Back home, he sat down in front of a mirror and stared at himself for a long time. A lock of dark hair fell across his brow; his nose was slightly squashed – the relic of some unequal combat; his lips were tensed in a determined Une; a heavy lower jaw was accustomed to taking cannonball blows from the weighty fists of men. He gave a friendly wink at the face looking back at him out of the mirror. He had recognized him. He had recognized himself… Never had our fabled Western World seemed so close!

11

The sun was rising as we came out of the taiga, heading for the valley of the Olyei. As if we were leaving the night behind us deep inside that sleeping kingdom of pine trees, where the great owl glided through the silvery shadows, seeking a refuge for the daylight hours.

The red disk appeared from behind a cold veil and slowly replaced the gray and blue tones with shades of pink. Shaking off our nocturnal torpor, we began to talk, to exchange impressions of the last performance. But above all, to the point of exhaustion and of losing our voices, to imitate Belmondo…

This time, on our sixteenth trip to see the film, Samurai went ahead of us a little, striking out with long strides over the plain, whose smooth mauve surface was so inviting. I stopped to wait for Utkin. As he left the shadows of the forest and emerged onto this great, luminous space, he swung around the tip of a small pine tree buried under the snow and came to join me.

His gaze always used to make me feel a bit uneasy. The mixture of jealousy, despair, and resignation with which he surveyed my face…
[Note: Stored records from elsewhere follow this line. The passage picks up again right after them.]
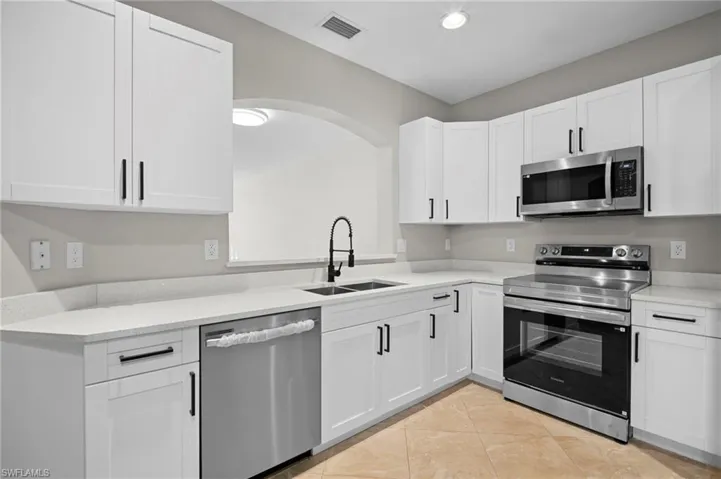 Kitchen with appliances with stainless steel finishes, white cabinets, light stone counters, light tile patterned floors, and recessed lighting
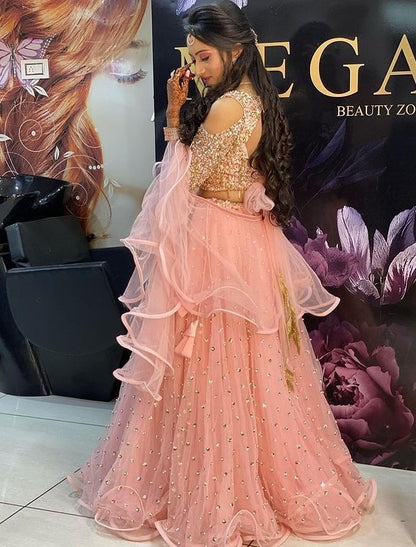 Peach net sequence work party wear lehenga choli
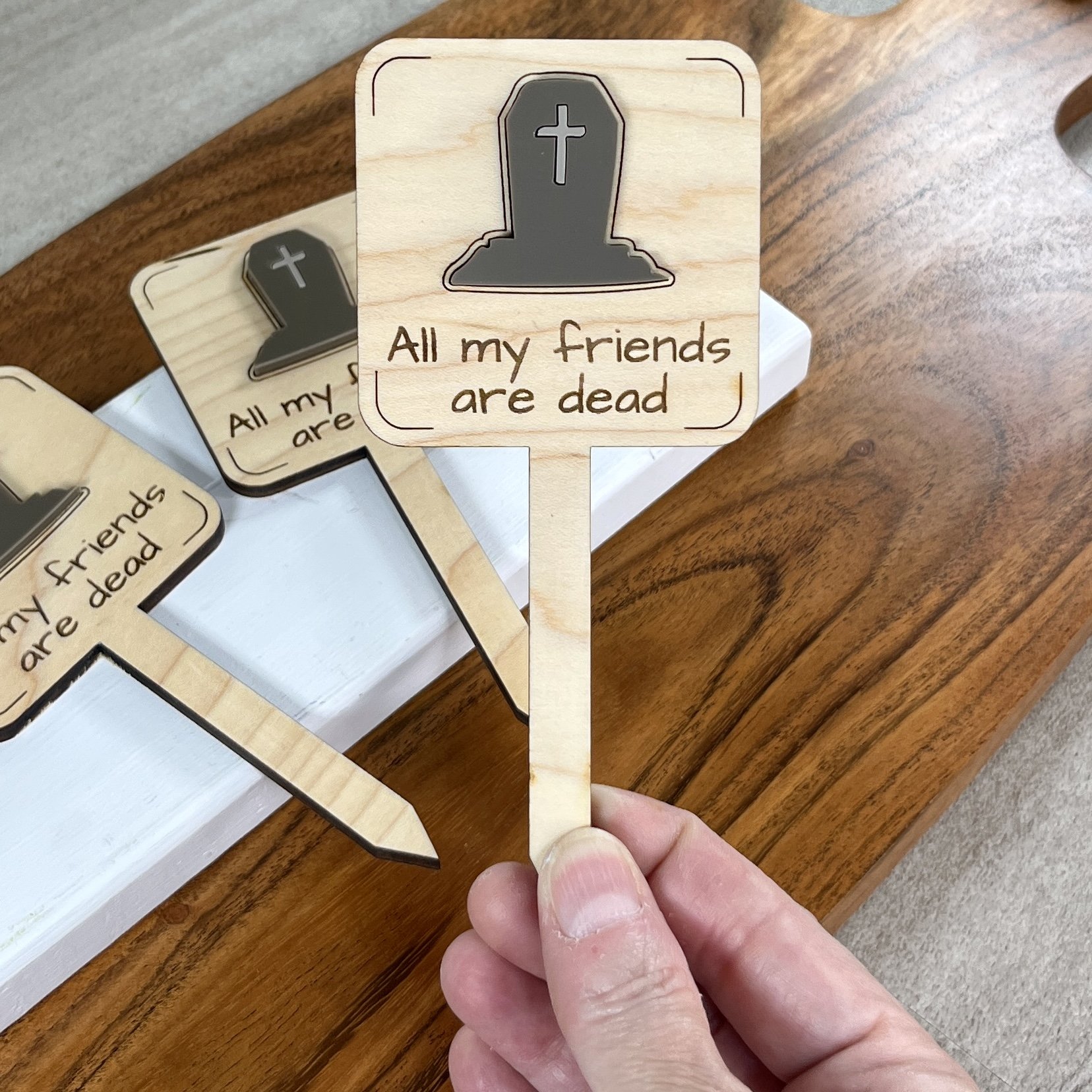 handheld maple plant stake featuring an acrylic espresso tombstone embellishment engraved with the phrase "All my friends are dead".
This time there was none of it. Dragging his injured leg, he came up to me, his right shoulder pointing toward the sky, and smiled. He looked at me squarely like an equal, with neither bitterness nor jealousy. His duckling's gait seemed no longer to preoccupy him. I was struck by the serenity of his face. As I set off again, I told myself that I had been seeing these calm and somehow wiser eyes for some time now. I slowed my speed somewhat, allowing myself to be overtaken. Replying absentmindedly to the remarks of my companions, I began to think about the mystery surrounding Utkin.